### Activity
Without including any pictures, write out all the entries exactly.

Caption-style text data:
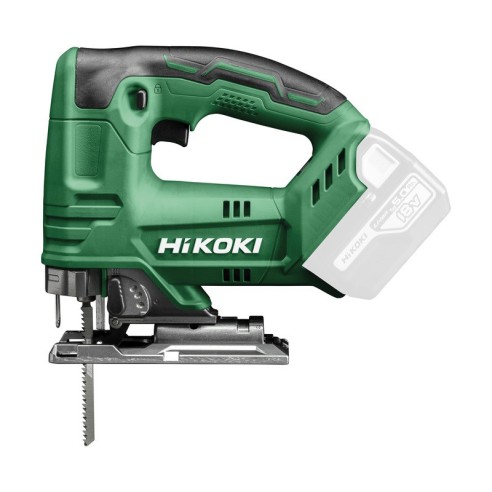 Sierra caladora a batería Hikoki CJ18DAW2 - 18V - Compacta, velocidad variable, incluye maletín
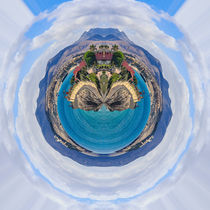 Little Planet Fuerteventura - Kleiner Planet Feurteventura von Silvia Eder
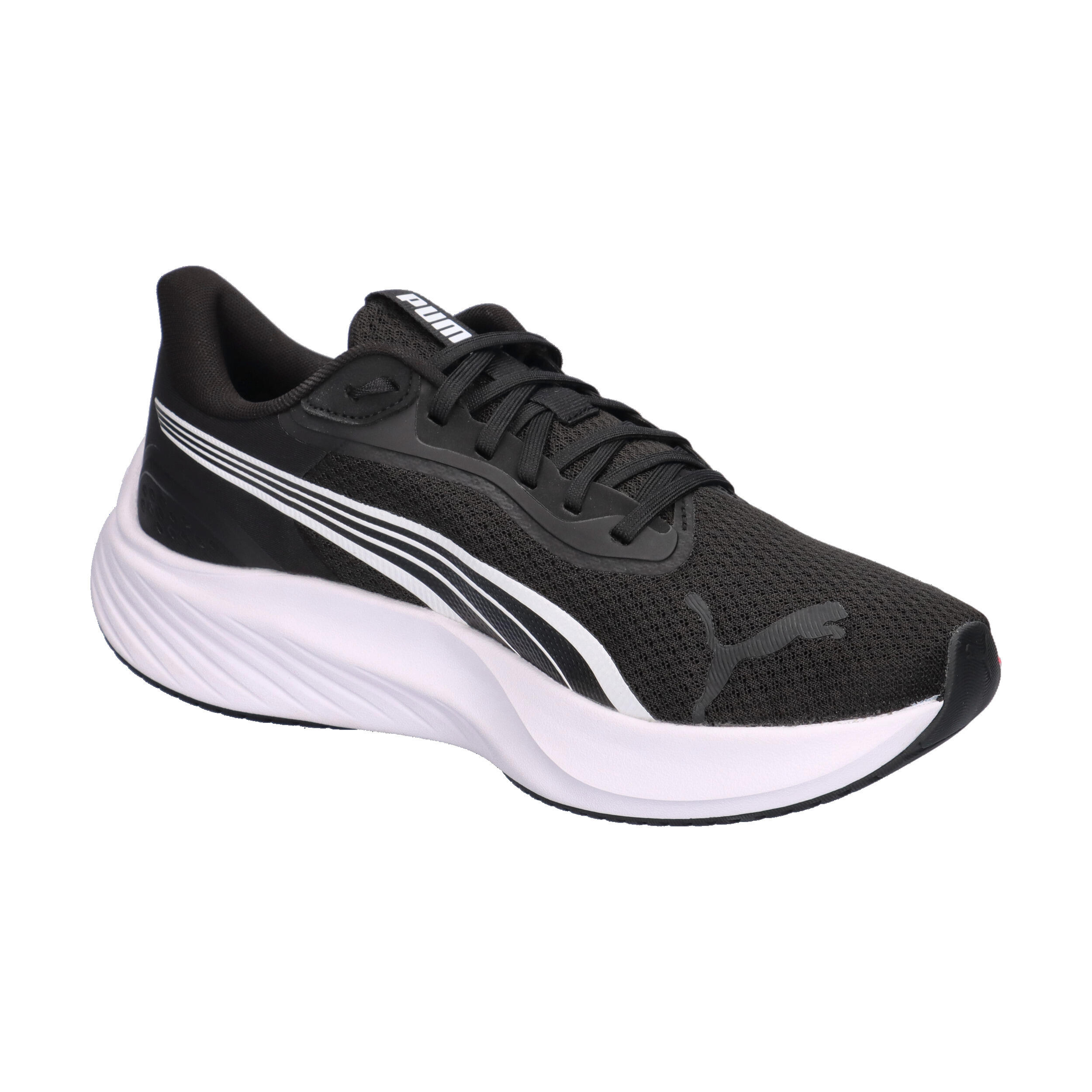 Puma Pounce Lite Sneaker Laufschuhe Sportschuhe 310778 35 schwarz/pink 8/15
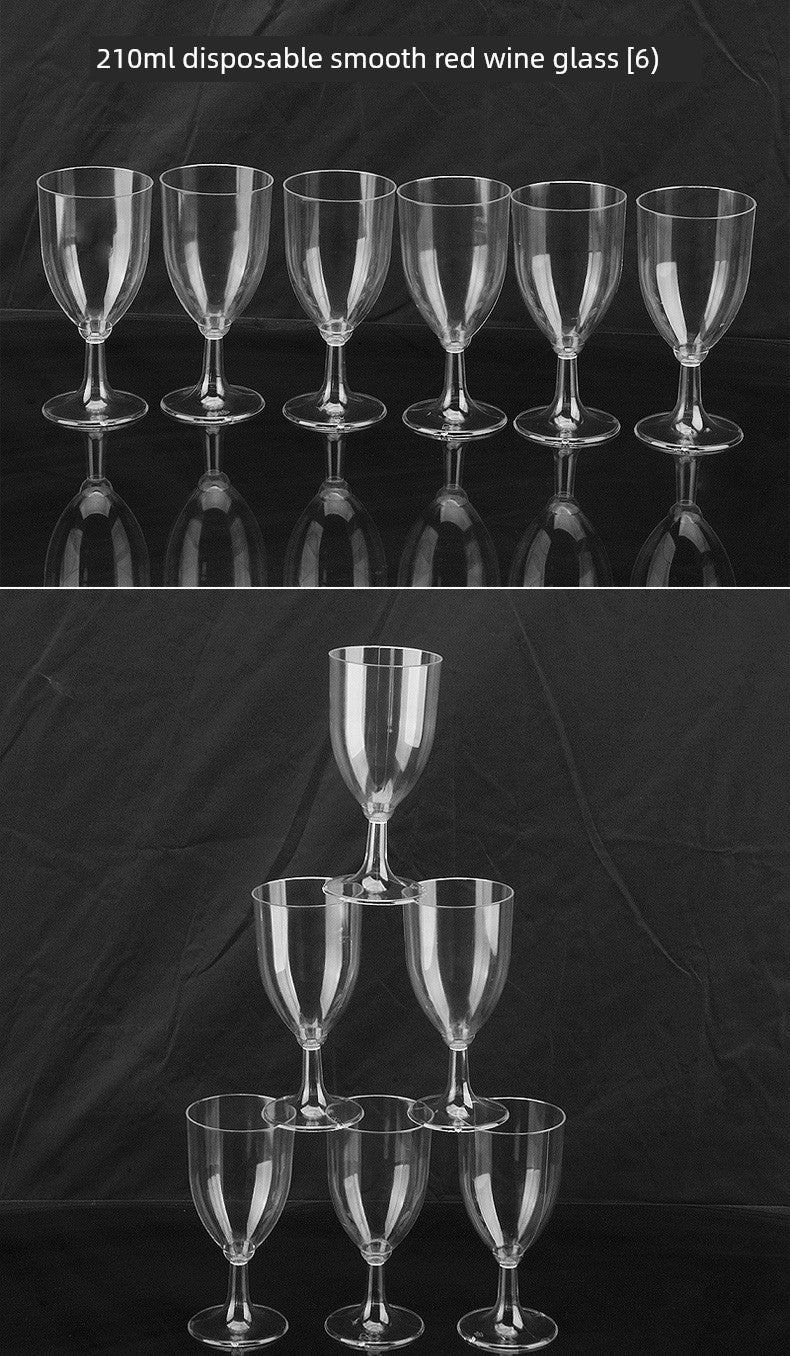 210ml 8 PCs Banquet Bubble Wash-Free Champagne Glass Julia M Home & Kitchen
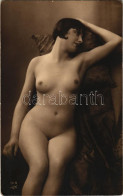 * T2/T3 Erotikus Meztelen Hölgy / Erotic Nude Lady. A.N. Paris 519. (non PC) - Ohne Zuordnung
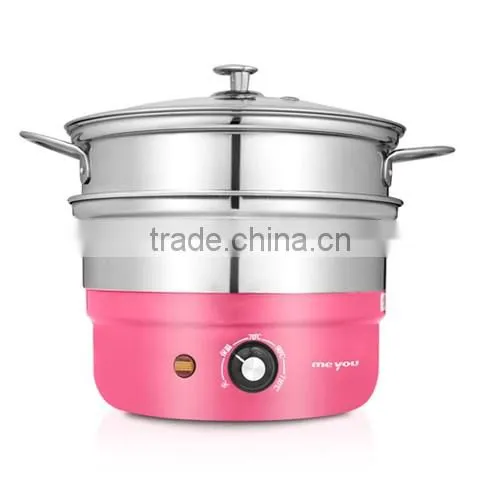 Energy-Saving Food Warmer Stainless Steel Non Electric Rice Cooker And Steamer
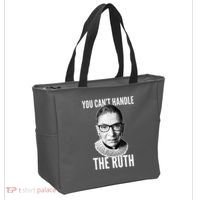 You Can't Handle The Ruth Notorious RBG Ginsburg Tote Bag thumb 2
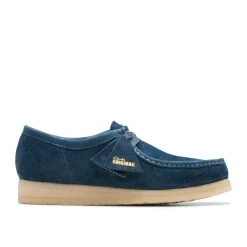 Shoes|Footwear*Clarks Originals Wallabee Shoes in Navy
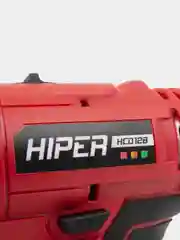 Дрель HIPER 12В, 30 Нм, 2 Ач, 0-350/0-1350 об/мин, 2 аккумулятора, Li-ion, БЗП 10 мм, кейс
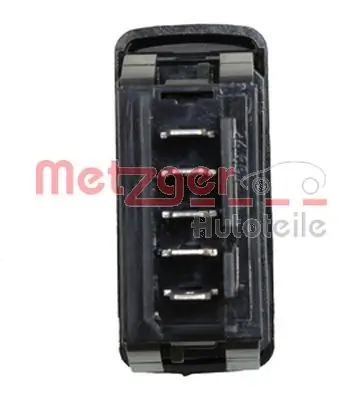 Schalter, Fensterheber vorne links vorne rechts METZGER AUTOTEILE 0916588 Bild Schalter, Fensterheber vorne links vorne rechts METZGER AUTOTEILE 0916588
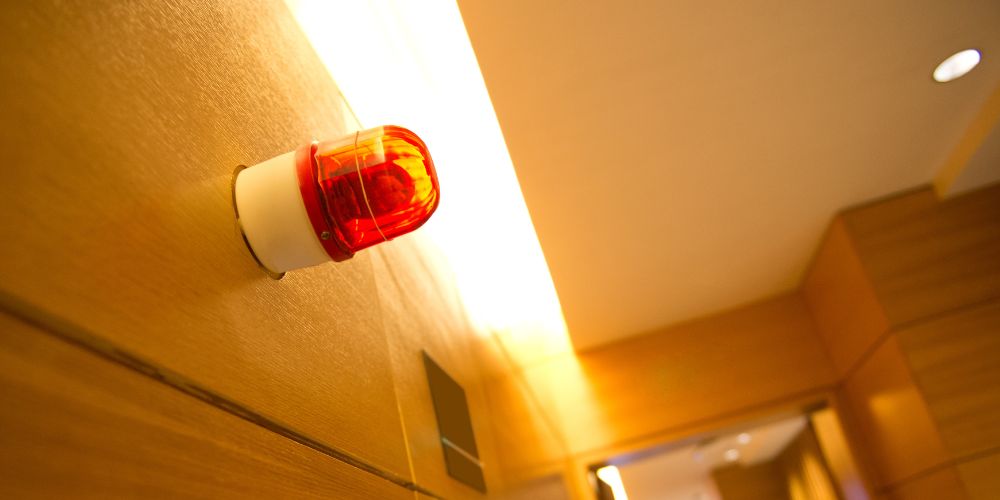 Construction Site Fire Alarms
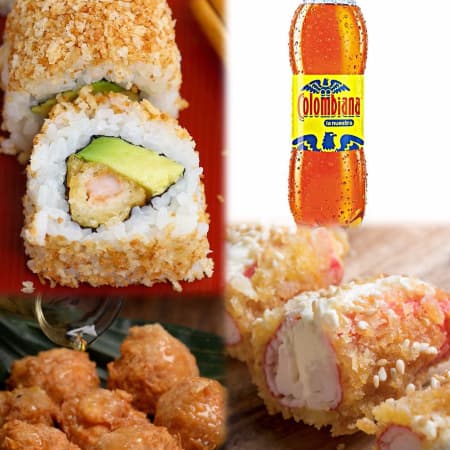 Combo Tempura + Bebiida Gratis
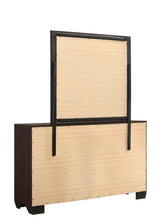 Kauffman 6-Drawer Dresser Dark Cocoa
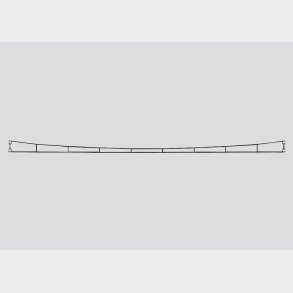 Fahrdrahtstück 165 mm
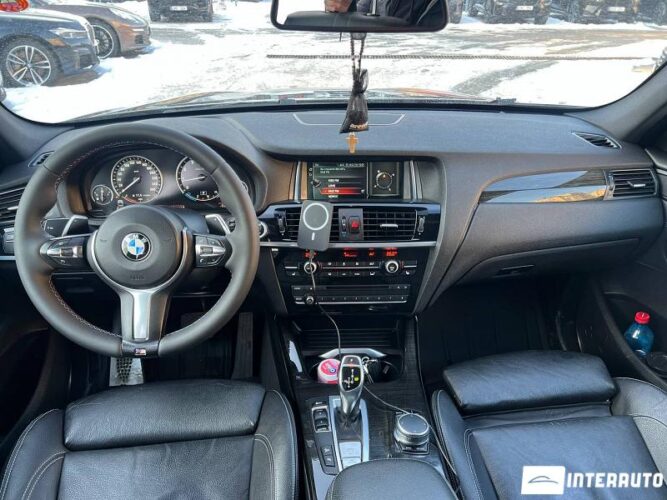 bmw X3 2.8i 2016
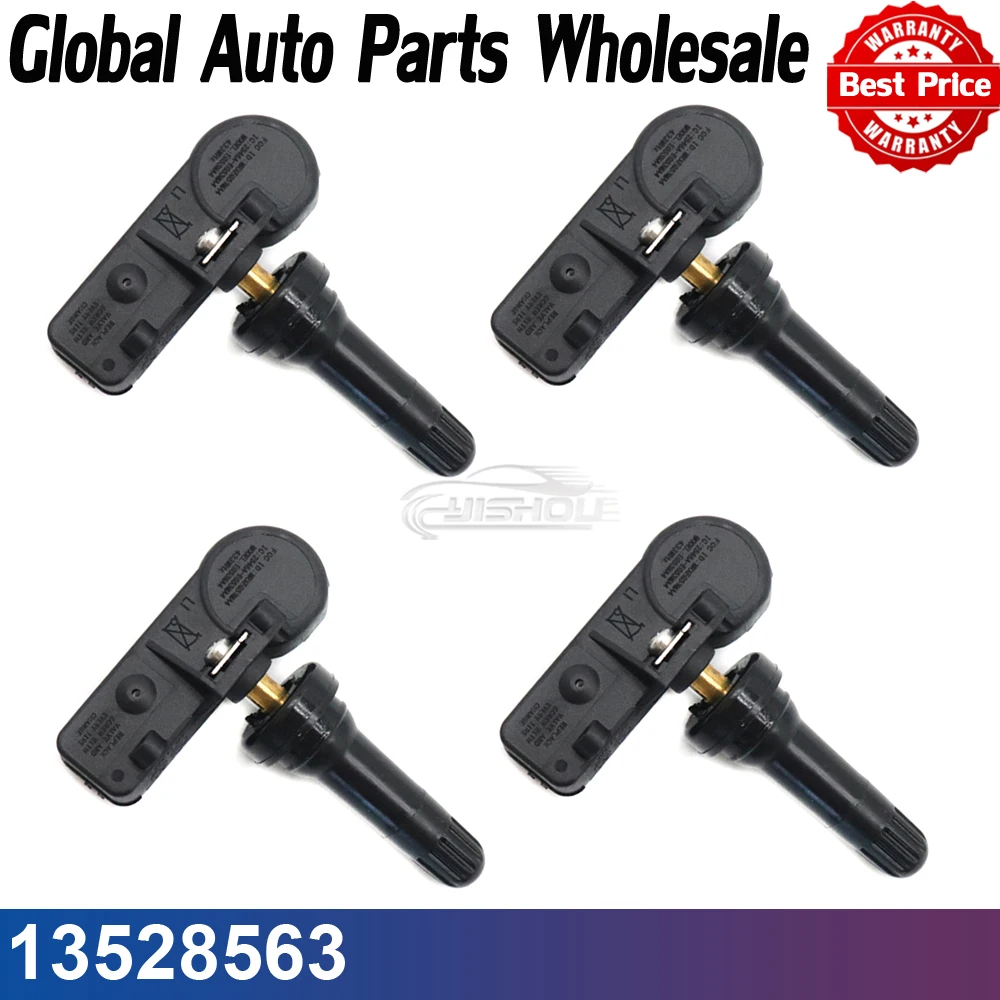

Tire Pressure Monitor TPMS Sensor For Chevrolet Silverado GMC Sierra 1500 2019 2020 2021 2022 433Mhz 13528563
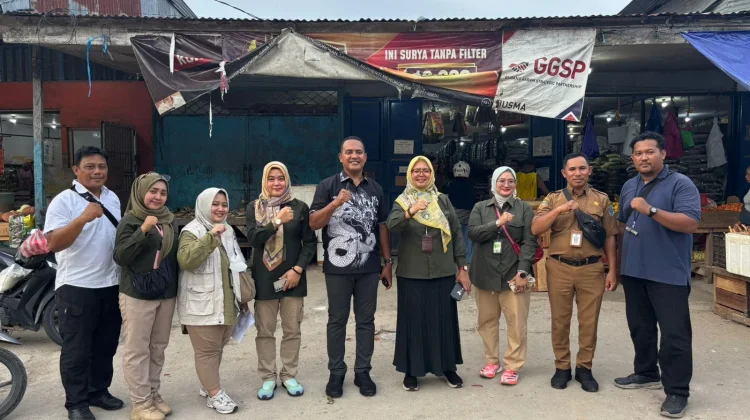 Sinergi Pusat-Daerah, Satgas Saber Pangan Jaga Stok di Biak Numfor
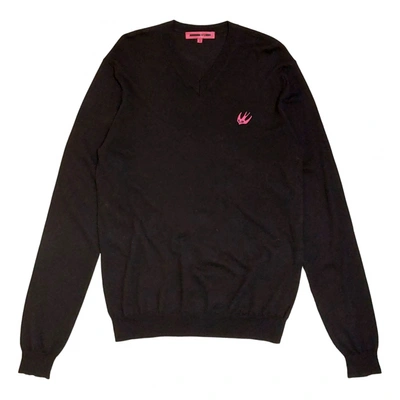 Pre-owned Mcq By Alexander Mcqueen Wool Sweatshirt In Black
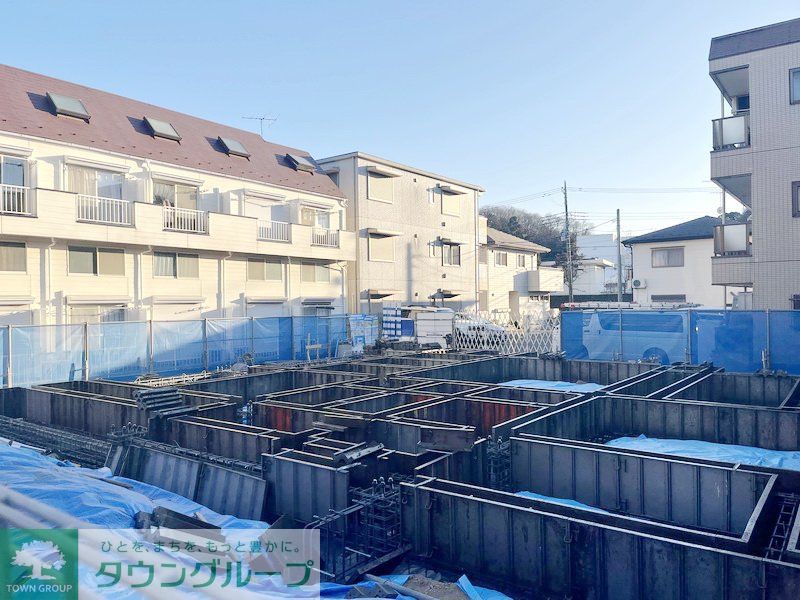 建物外観　眺望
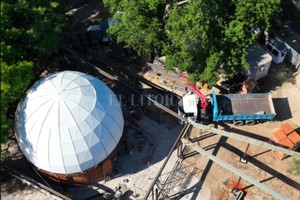 Fernando Nicola Se hicieron nuevas modificaciones al proyecto inicial con el fin de mejorar las instalaciones.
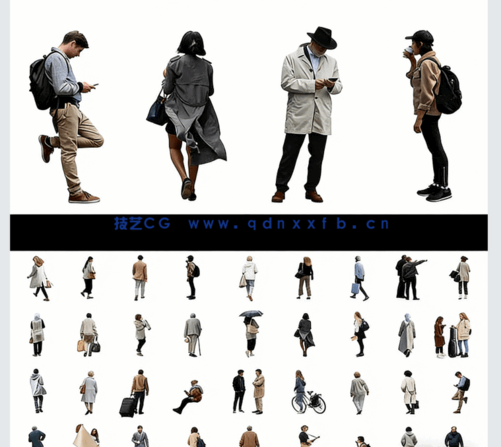 5495张建筑可视化2D抠像人物高质量PSD平面素材 Studio Esinam出品(图1) 5495张建筑可视化2D抠像人物高质量PSD平面素材 Studio Esinam出品(图1)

### Answer area
 Sierra caladora a batería Hikoki CJ18DAW2 - 18V - Compacta, velocidad variable, incluye maletín
 Little Planet Fuerteventura - Kleiner Planet Feurteventura von Silvia Eder
 Puma Pounce Lite Sneaker Laufschuhe Sportschuhe 310778 35 schwarz/pink 8/15
 210ml 8 PCs Banquet Bubble Wash-Free Champagne Glass Julia M Home & Kitchen
 * T2/T3 Erotikus Meztelen Hölgy / Erotic Nude Lady. A.N. Paris 519. (non PC) - Ohne Zuordnung
 Energy-Saving Food Warmer Stainless Steel Non Electric Rice Cooker And Steamer
 You Can't Handle The Ruth Notorious RBG Ginsburg Tote Bag thumb 2
 Shoes|Footwear*Clarks Originals Wallabee Shoes in Navy
 Дрель HIPER 12В, 30 Нм, 2 Ач, 0-350/0-1350 об/мин, 2 аккумулятора, Li-ion, БЗП 10 мм, кейс
 Schalter, Fensterheber vorne links vorne rechts METZGER AUTOTEILE 0916588 Bild Schalter, Fensterheber vorne links vorne rechts METZGER AUTOTEILE 0916588
 Construction Site Fire Alarms
 Combo Tempura + Bebiida Gratis
 Kauffman 6-Drawer Dresser Dark Cocoa
 Fahrdrahtstück 165 mm
 bmw X3 2.8i 2016

Tire Pressure Monitor TPMS Sensor For Chevrolet Silverado GMC Sierra 1500 2019 2020 2021 2022 433Mhz 13528563
 Sinergi Pusat-Daerah, Satgas Saber Pangan Jaga Stok di Biak Numfor
 Pre-owned Mcq By Alexander Mcqueen Wool Sweatshirt In Black
 建物外観　眺望
 Fernando Nicola Se hicieron nuevas modificaciones al proyecto inicial con el fin de mejorar las instalaciones.
 5495张建筑可视化2D抠像人物高质量PSD平面素材 Studio Esinam出品(图1) 5495张建筑可视化2D抠像人物高质量PSD平面素材 Studio Esinam出品(图1)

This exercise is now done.